Westmorland, population about 1,500, was the town nearest the epicenter.

“This one this morning was the freakiest I’ve ever been in,” said Westmorland resident Donna Ginnis. “. . . My whole bedroom was spinning. The quake knocked our bedroom door to the floor. My little boy was petrified.”

An official in Mexicali said that 650 people were evacuated from 35 buildings that appeared to have suffered structural damage. This included about 200 from the 9-year-old municipal hospital, and others from two other hospitals and the badly damaged City Hall. The Mexican army was called in to provide security and schools were closed for the day. A flower shop was destroyed by fire.

At the municipal hospital, Dr. Antonio Gomez Vera, the director, said: “We had several patients who became very anxious and hysterical, but we still evacuated the entire hospital in about 30 minutes. . . . Our biggest challenge right now is giving these people food and drink.”

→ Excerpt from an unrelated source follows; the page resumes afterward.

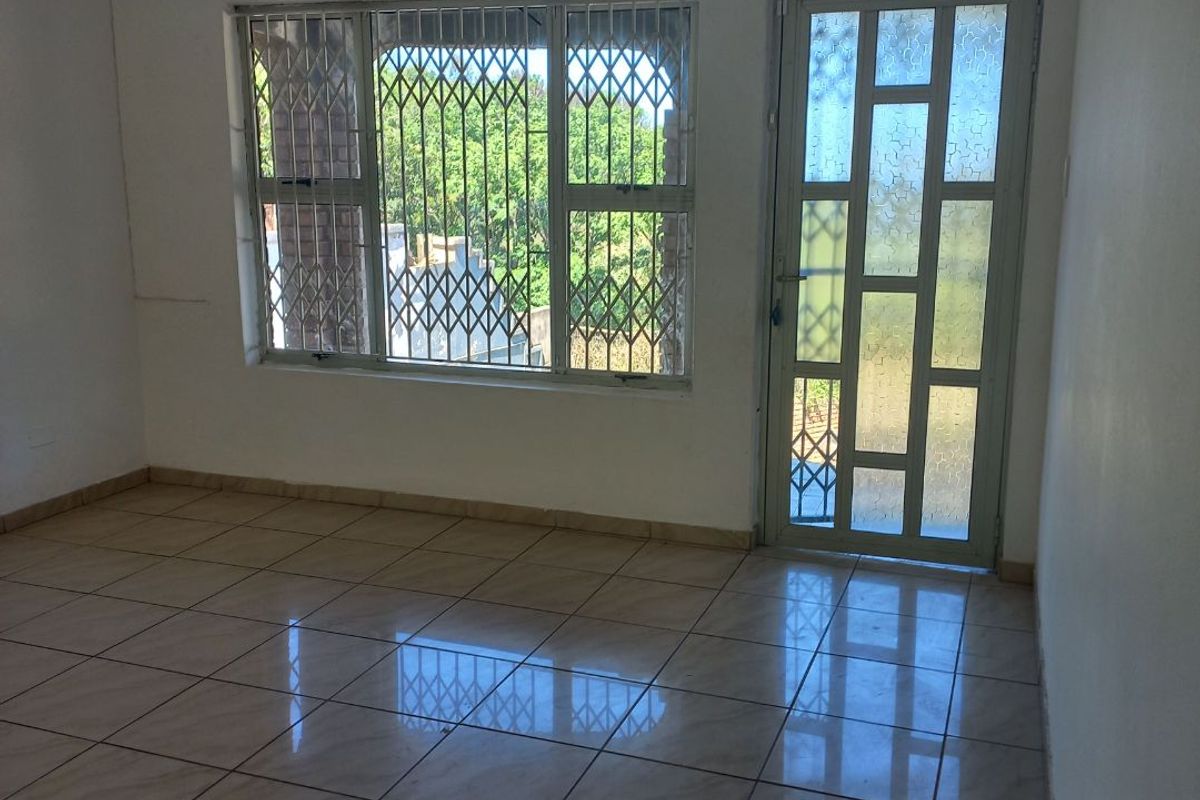 An empty living area featuring neutral tiled flooring, a glass panel door, and security bars on the windows, offering a clean, blank canvas.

Caltech seismologists said the main shock was on the Superstition Hills Fault northwest of the Imperial Valley and that a 4- to 7-inch horizontal displacement was found on Imler Road, southwest of Westmorland.

The Superstition Hills Fault is believed to be part of the San Jacinto Fault system.

Monday night’s 5:53 p.m. quake originally had been assessed at 6.2 on the Richter scale but was downgraded to 6.0 on further evaluation and reclassified as a foreshock Tuesday.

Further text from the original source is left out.